The College’s Permanent Secretariat extends its warmest congratulations to Dr. Daniel Neumann for successfully complete a doctoral degree at King’s College. His thesis, which addresses a subject close to our hearts, explores the conditions under which EU Member States support the EU Intelligence and Situation Centre (INTCEN) in the field of foreign policy.

This thesis asks under what conditions member states provide intelligence support to EU foreign policy making, that is, to the EU Intelligence and Situation Centre (INTCEN). INTCEN provides EU policy makers with strategic intelligence synthesised from member state contributions. The EU treaties stipulate that national security remains the sole responsibility of the member states (art. 4.2 TEU). This is widely interpreted to apply to intelligence, rendering any support to INTCEN voluntary. EU institutions have repeatedly encouraged member states to contribute. However, scepticism persists about the actual level of cooperation.

Dr. Daniel Neumann’s work investigates when member states provide support to INTCEN. It is situated in the academic literature about intelligence cooperation. It challenges the widely criticised but dominant neorealist approach and inductively develops an alternative model to explain intelligence support by drawing on insights from the European studies, the public administration, and the sociological literatures.
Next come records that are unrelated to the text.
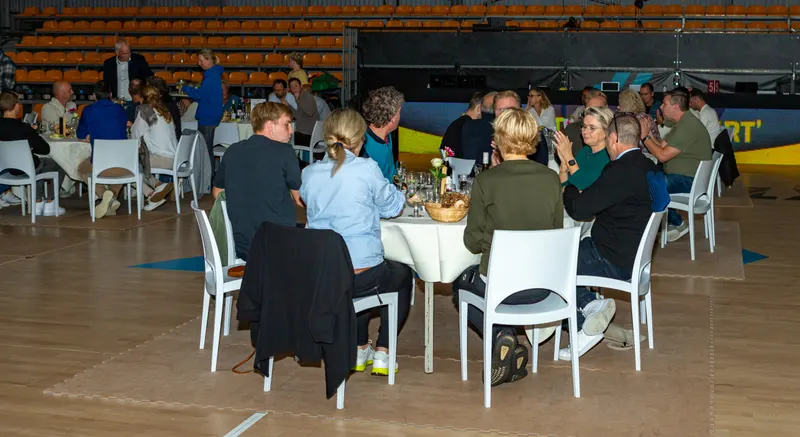 Guests at the table during a business event in the arena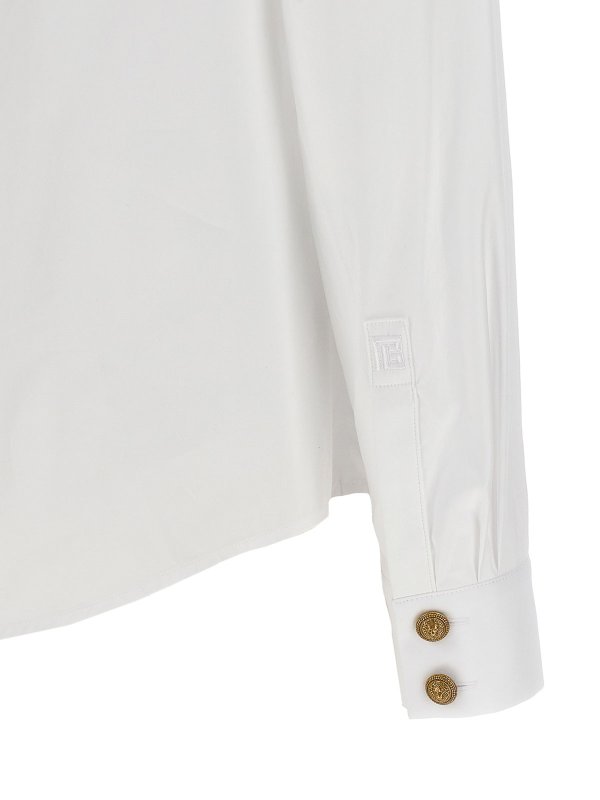 Logo button shirt shop online: Balmain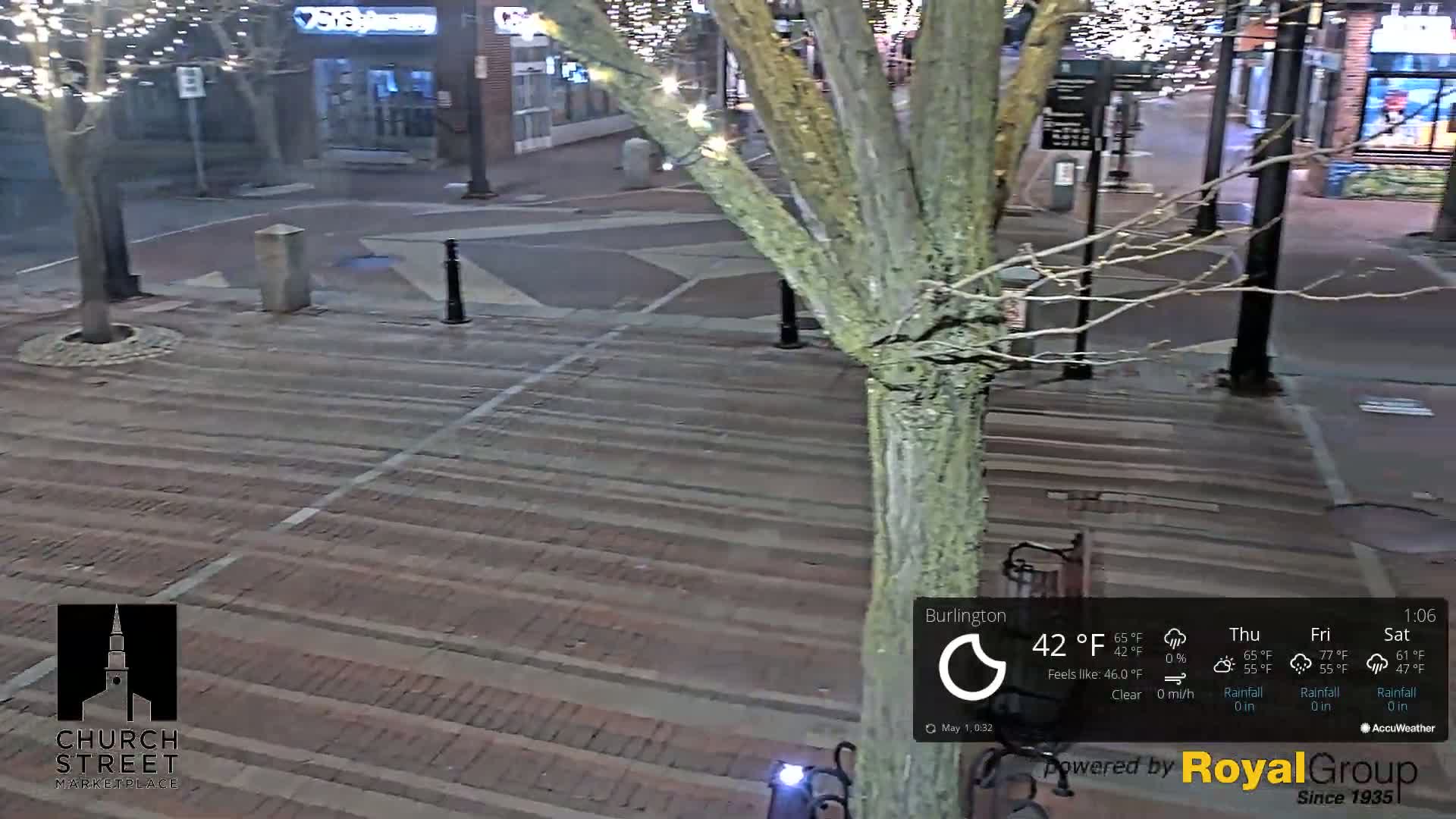 A brick-paved plaza at night, illuminated by streetlights and string lights on a tree, is clear and 42°F.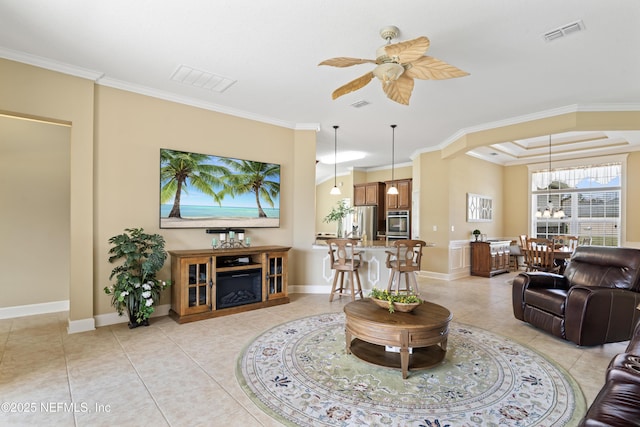 living room featuring ceiling fan, visible vents, crown molding, and light tile patterned flooring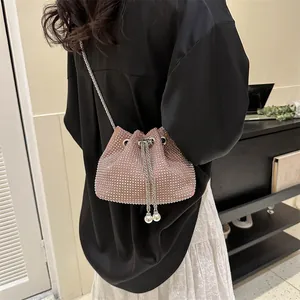 Sparkly pink rhinestone bucket bag with silver chain and pearl drawstrings for women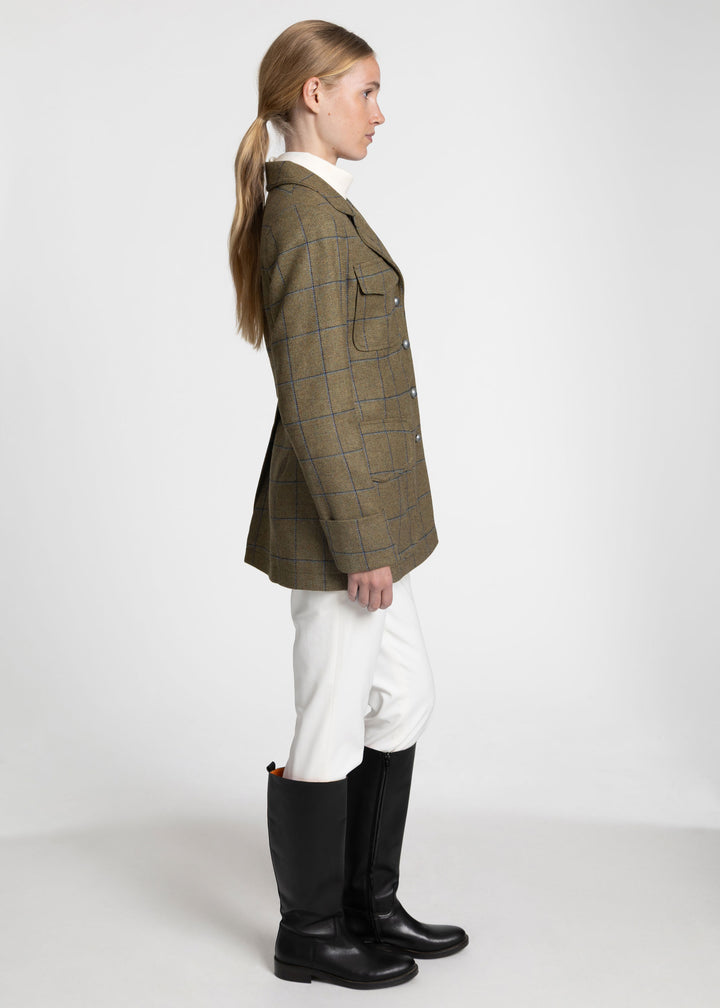 A woman shown in profile wearing a green plaid jacket, white riding breeches, and black riding boots against a light gray studio background.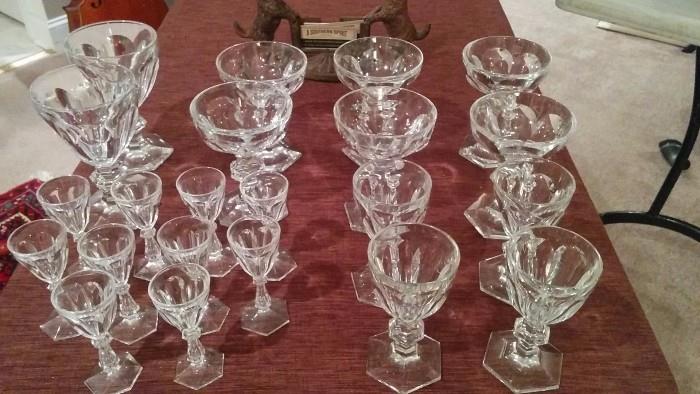 Baccarat Harcourt Stemware: 2 Water Glasses, 4 Sherbets/Champagne coupes, 4 Sherrys and 10 Codials.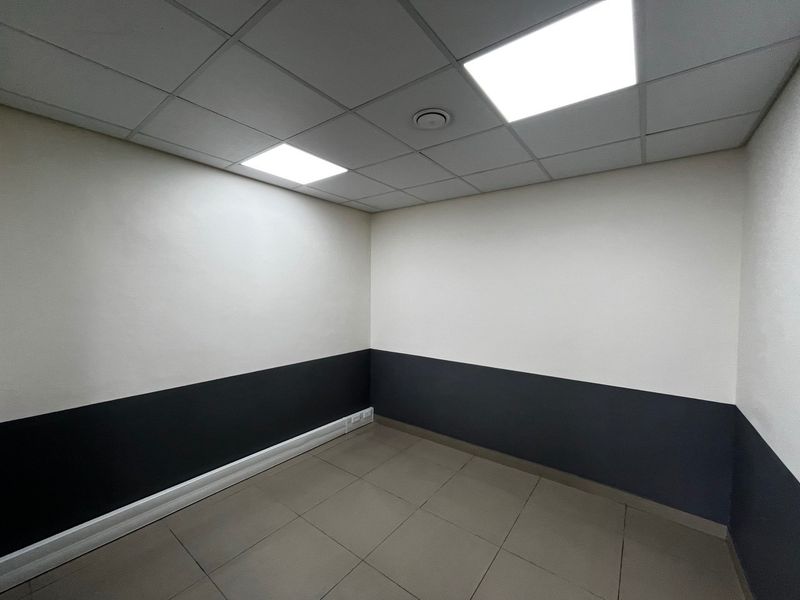 A clean, empty office space featuring a suspended ceiling with recessed LED lighting, tiled flooring, and two-tone wall finishes.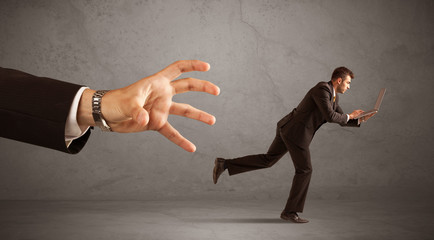 Businessman running from hand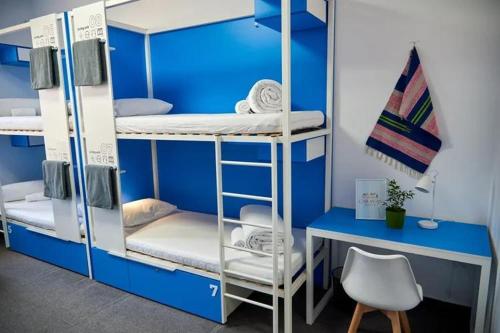 TürkistanにあるCaravanの二段ベッド、デスク、椅子が備わる客室です。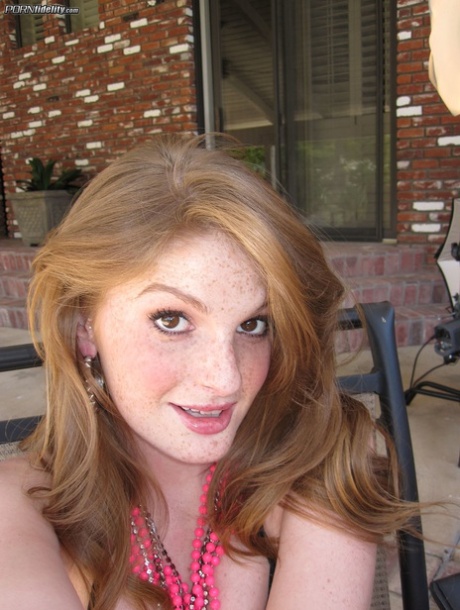 Freckled ginger Faye Reagan gets undressed to show her nice medium tits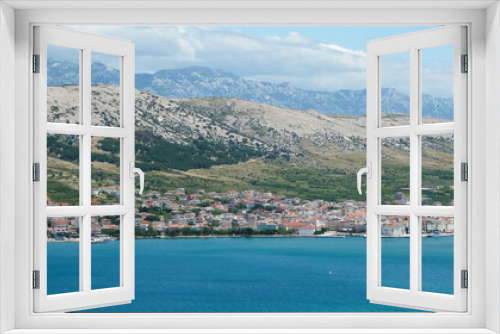 Fototapeta Naklejka Na Ścianę Okno 3D - View over blue adriatic sea on village with dizzy mountains background - Island Pag, Croatia (focus on center of village)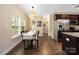Sunlit dining room features hardwood floors and a view of the front yard through large windows at 12224 Huntersville Concord Rd, Huntersville, NC 28078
The empirical research is based on the thematic analysis of 25 elite interviews triangulated with additional sources identified through desk research.

The thesis argues that as an analytic heuristic the provision of intelligence support to INTCEN can be understood as a top-down three-step process. First, at the political level, intelligence support is motivated by seeking to influence EU policymaking with intelligence by shaping the underlying situational understanding. Second, at the organisational level, quasi-autonomous intelligence services prioritise and allocate resources to the task of providing intelligence support based on their organisational identity, intelligence capacity, and bureaucratic capacity. Third, at the working level, intelligence analysts seconded to Brussels implement the intelligence support. By utilising their leeway and through ensuing social dynamics, these practitioners further impact the intelligence support of their services.

It then concludes that member states intelligence support is therefore shaped at all levels of government and determined by policy interests of policymakers, bureaucratic characteristics of intelligence services, as well as social dynamics of working-level practitioners. In developing the model, this thesis contributes to the academic literature on intelligence cooperation by advancing discussions on theorising multilateral intelligence cooperation in applying underutilised approaches. It further provides empirical insights into an underexplored intelligence cooperation forming part of EU foreign policy making.